• What to work on
Only the lines from the one containing "1976 Julius Erving" through the last line below should be written out, exactly and with both ends kept.

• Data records
※ ※ ※

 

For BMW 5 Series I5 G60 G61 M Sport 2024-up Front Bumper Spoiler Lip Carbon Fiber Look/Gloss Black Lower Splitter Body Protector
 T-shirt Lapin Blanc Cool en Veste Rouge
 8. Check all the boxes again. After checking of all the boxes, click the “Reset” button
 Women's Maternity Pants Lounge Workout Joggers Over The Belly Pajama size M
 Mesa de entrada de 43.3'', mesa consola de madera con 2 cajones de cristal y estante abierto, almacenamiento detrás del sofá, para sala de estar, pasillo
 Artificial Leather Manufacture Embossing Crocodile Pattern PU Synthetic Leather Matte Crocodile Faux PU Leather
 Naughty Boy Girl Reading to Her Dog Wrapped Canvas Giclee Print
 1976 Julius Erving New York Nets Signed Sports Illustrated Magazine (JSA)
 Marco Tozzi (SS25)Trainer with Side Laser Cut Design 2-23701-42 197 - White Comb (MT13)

※ ※ ※

• Solution to the exercise
 1976 Julius Erving New York Nets Signed Sports Illustrated Magazine (JSA)
 Marco Tozzi (SS25)Trainer with Side Laser Cut Design 2-23701-42 197 - White Comb (MT13)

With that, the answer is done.